## [Stored data]
══════════════════════════════

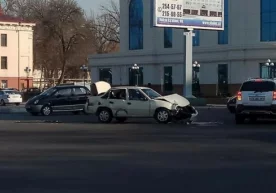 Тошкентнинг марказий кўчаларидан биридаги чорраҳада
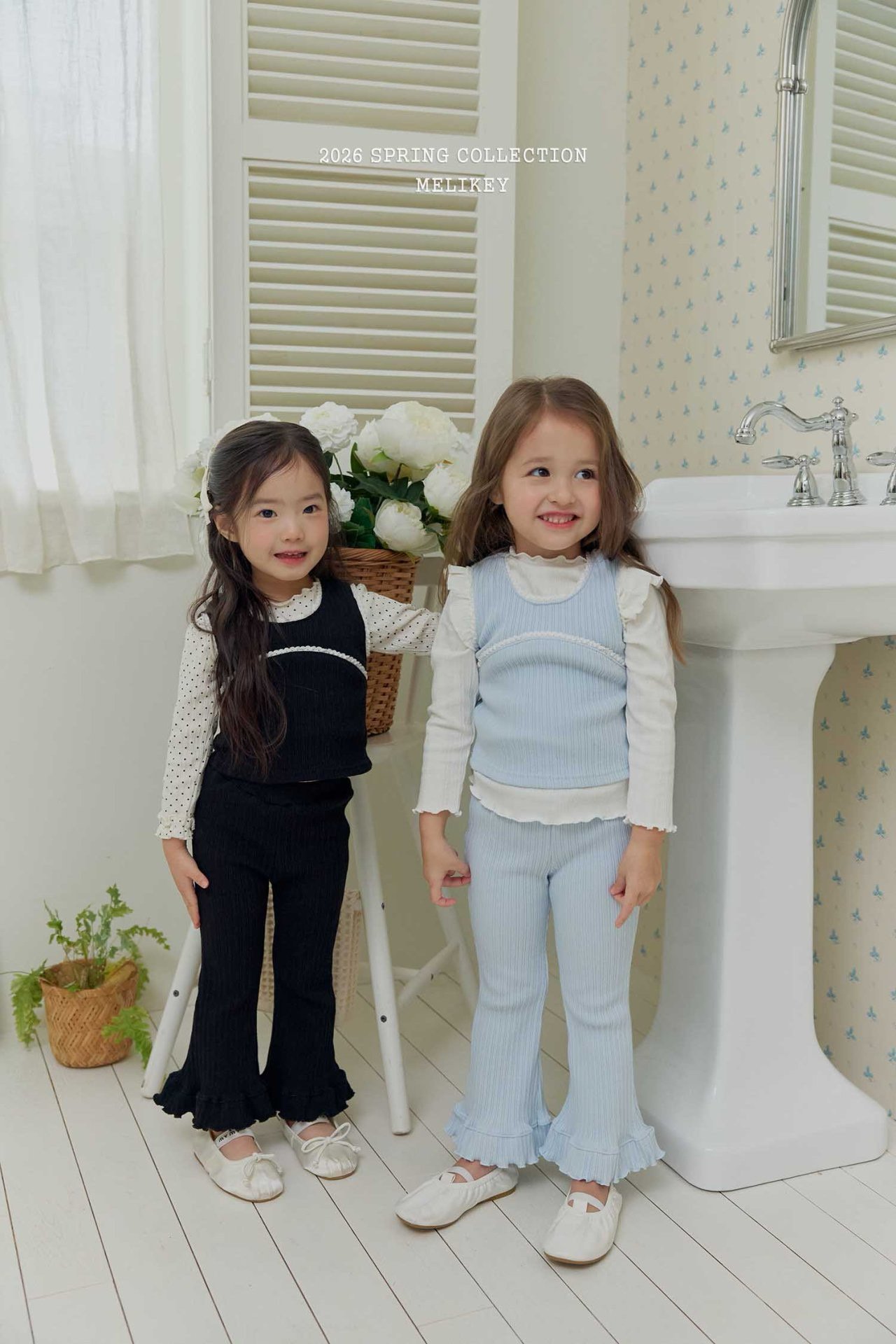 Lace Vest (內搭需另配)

══════════════════════════════

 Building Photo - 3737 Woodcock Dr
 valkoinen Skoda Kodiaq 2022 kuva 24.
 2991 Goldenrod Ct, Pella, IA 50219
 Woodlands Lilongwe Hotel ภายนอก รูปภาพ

══════════════════════════════

From the records above, reproduce exactly the lines from the one with "Building Photo - 3737 Woodcock Dr" to the one with "Woodlands Lilongwe Hotel ภายนอก รูปภาพ", both included, and no others.

## [Your solution]
 Building Photo - 3737 Woodcock Dr
 valkoinen Skoda Kodiaq 2022 kuva 24.
 2991 Goldenrod Ct, Pella, IA 50219
 Woodlands Lilongwe Hotel ภายนอก รูปภาพ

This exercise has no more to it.